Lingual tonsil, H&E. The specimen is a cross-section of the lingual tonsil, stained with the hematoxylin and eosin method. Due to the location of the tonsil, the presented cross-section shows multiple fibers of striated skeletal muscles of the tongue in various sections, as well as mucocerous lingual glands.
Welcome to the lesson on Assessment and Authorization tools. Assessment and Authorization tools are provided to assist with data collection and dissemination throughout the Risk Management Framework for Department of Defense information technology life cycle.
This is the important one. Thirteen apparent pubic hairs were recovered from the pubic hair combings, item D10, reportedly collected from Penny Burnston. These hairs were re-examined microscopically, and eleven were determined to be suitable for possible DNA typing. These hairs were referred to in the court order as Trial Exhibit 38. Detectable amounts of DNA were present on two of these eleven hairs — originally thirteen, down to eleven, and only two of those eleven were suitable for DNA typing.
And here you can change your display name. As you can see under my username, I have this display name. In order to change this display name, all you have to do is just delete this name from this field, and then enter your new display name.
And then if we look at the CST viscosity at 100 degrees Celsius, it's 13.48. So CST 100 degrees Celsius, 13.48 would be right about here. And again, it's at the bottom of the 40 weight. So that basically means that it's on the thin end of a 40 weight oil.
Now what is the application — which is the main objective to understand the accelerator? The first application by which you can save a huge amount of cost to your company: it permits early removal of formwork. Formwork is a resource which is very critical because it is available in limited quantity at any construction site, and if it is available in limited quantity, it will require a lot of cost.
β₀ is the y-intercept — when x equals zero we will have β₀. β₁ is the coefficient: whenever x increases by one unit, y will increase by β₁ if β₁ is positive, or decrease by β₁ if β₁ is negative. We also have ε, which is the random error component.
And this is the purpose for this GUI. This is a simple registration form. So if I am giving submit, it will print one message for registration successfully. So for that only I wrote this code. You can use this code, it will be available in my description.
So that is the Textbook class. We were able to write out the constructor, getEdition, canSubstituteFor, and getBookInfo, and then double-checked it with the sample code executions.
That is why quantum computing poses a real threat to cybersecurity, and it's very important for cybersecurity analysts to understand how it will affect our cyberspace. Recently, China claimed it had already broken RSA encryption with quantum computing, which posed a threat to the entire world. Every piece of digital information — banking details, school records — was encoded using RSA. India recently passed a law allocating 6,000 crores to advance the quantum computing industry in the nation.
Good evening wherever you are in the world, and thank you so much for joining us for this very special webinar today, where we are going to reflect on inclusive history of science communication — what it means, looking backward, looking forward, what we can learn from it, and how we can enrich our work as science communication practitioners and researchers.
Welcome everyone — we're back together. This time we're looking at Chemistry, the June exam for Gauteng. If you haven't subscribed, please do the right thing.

(Problem to work on):
From the entries above, copy every line containing the word "which".

(Exercise result):
Now what is the application — which is the main objective to understand the accelerator? The first application by which you can save a huge amount of cost to your company: it permits early removal of formwork. Formwork is a resource which is very critical because it is available in limited quantity at any construction site, and if it is available in limited quantity, it will require a lot of cost.
β₀ is the y-intercept — when x equals zero we will have β₀. β₁ is the coefficient: whenever x increases by one unit, y will increase by β₁ if β₁ is positive, or decrease by β₁ if β₁ is negative. We also have ε, which is the random error component.
That is why quantum computing poses a real threat to cybersecurity, and it's very important for cybersecurity analysts to understand how it will affect our cyberspace. Recently, China claimed it had already broken RSA encryption with quantum computing, which posed a threat to the entire world. Every piece of digital information — banking details, school records — was encoded using RSA. India recently passed a law allocating 6,000 crores to advance the quantum computing industry in the nation.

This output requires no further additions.